How can there be a traffic jam in the middle of the night? That must take an extraordinary amount of incompetence and poor planning. It looked to me like the never-ending construction job that goes on in that constantly idiotic circle had simply been abandoned the second the whistle blew and the workers took off for their holiday. Orange pylons were scattered about randomly. There was no warning, no one there to monitor the situation. Just a whole bunch of pissed off and tired drivers.

Someone needs to seriously rethink the traffic flow in and around the island of Montreal.

>>Charlie Fletcher

[Re: “Thoughts on rush hour,” Front, News, July 23] In the last couple of months, driving in or out of Montreal has become a summer carnival of “barré.” From trottoir barré to rue barrée, to autoroute barrée and pont barré. We seem to be driving in never-ending circles from one barré obstacle to another.
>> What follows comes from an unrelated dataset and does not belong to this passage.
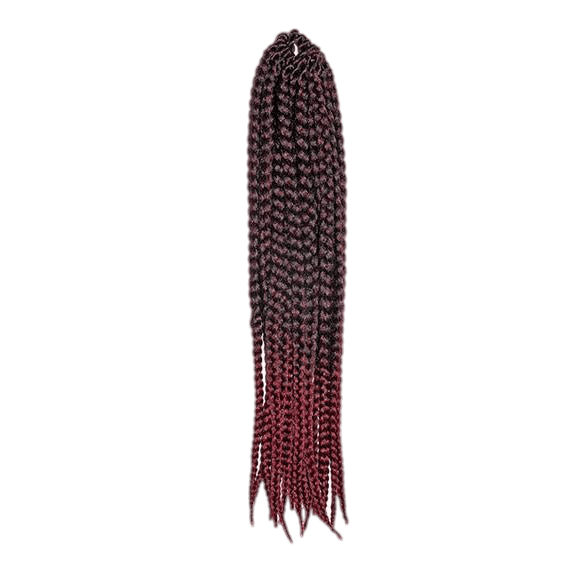 Bundles of 24-inch Kanekalon crochet master braids in dark brown and burgundy colors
I would like to contribute what I consider to be a logical solution to our yearly “barré” festival: I would propose that each summer from June to September, the entire island of Montreal would be barré both ways, in and out. To inform the public of the temporary non-driving conditions, billboards are to be placed at the exits and entries of every bridge leading in or out of the city, on which, in gigantic fluorescent letters, the word “BARRÉ” would be visible from miles away. 

Everyone would benefit. The maintenance work crews would be able to do the more than necessary infrastructure repairs. Montrealers will save a bundle by staying home, and so will the tourists, what with the recession and all.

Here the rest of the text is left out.